Ingram: Shaq To LA? Not Likely . . .

Late last week HOOPSWORLD's Eric Pincus got wind of a trade scenario that the Los Angeles Lakers were rumored to be working on with the Miami Heat - a trade scenario that would bring Shaquille O'Neal back to the land of purple and gold. In his piece, Eric compared it to one infamous season finale to the television show Dallas, in which Bobby Ewing magically came back from the dead and the entire previous season was written off as a dream. Patrick Duffy, the actor who portrayed Bobby Ewing, just couldn't stay away, and frankly the show had suffered greatly for his absence. An agreement was reached, a plot was written, and fans were so overjoyed to have the character back that they forgave the entire dream sequence scenario and happily welcomed their favorite Ewing back into the fold.

That was an apt comparison, but not for the same reason Eric points to. The Los Angeles Lakers can't just wipe away the seasons since Shaq left, any more than they could wipe away the bad blood that has developed between Kobe Bryant and his former teammate. The two may be on speaking terms twice a year when the Los Angeles Lakers and Heat meet, but thinking they could somehow come back together and play cohesively is a stretch. But the real fantasy - the real shower scene - is the one that has the Heat willing to entertain the idea of trading away the most successful marketing icon they've ever had for what amounts to some junk no team would easily take in trade.

The rumored deal has the Los Angeles Lakers sending Lamar Odom back to Miami along with Kwame Brown and Jordan Farmar. Talk about a fantasy! Odom is a solid role player, but not an All-Star by any stretch of the imagination. Kwame Brown is the piece that no one wants. There are much cheaper ways to get eight points and six rebounds per game. Jordan Farmar has talent and will be a solid contributor, but the Heat have absolutely no need for a fourth point guard unless they can deal White Chocolate - a prospect that gets slimmer with each passing day.
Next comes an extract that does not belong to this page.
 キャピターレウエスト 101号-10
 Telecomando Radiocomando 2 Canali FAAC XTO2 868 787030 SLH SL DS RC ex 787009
Think about it. If the Heat were willing to part with their star center for so little return they could certainly do better. Why not Dallas? The Mavericks would happily give up Erick Dampier, who is as good a scorer, a better rebounder, and shoots 63% from the foul line - positively Bird-like compared to Kwame Brown's 44%. The Mavs would probably throw in some pieces the Heat might actually be able to use, like guard Mo Ager and maybe the Posey-like Greg Buckner. This is just one example, but if Shaq's market value has sunk so low that the Los Angeles Lakers could get the Los Angeles Lakers on the phone with an offer of Odom, Jordan Farmar, and Kwame Brown, imagine how many other teams would step forward with better deals!

The only way the Heat enter this discussion at all is if the deal involves Kobe Bryant going to Miami. It's the only way the team could face their fans for the upcoming season. If they traded Shaq for some role players they might as well start refunding season tickets, prepare for Dwyane Wade's trade demand, and call the Miami Fire Department to put out the American Airlines Arena-sized bonfire of Heat jerseys that would spontaneously ignite. They would then have to relocate the team to Oklahoma City in the aftermath of Hurricane Heat Fans.

That's before we even bring Shaq's wishes into the discussion. He has no desire to leave Florida, which he has called home since his NBA career started with the Orlando Magic. He has put down roots, and plans to run for political office when his playing days are through. He has done more for the City of Miami and the State of Florida than many of their career politicians have, and if he continues through politics to have the kind of influence he has had as a player the state will be lucky to have him. Shaq doesn't want to go anywhere.

In this version of the pop culture scene, Pamela Ewing wakes up, finds Bobby in the shower, and then wakes up again to find that his return was nothing but a dream. Bobby's not coming back . . .and neither is Shaq.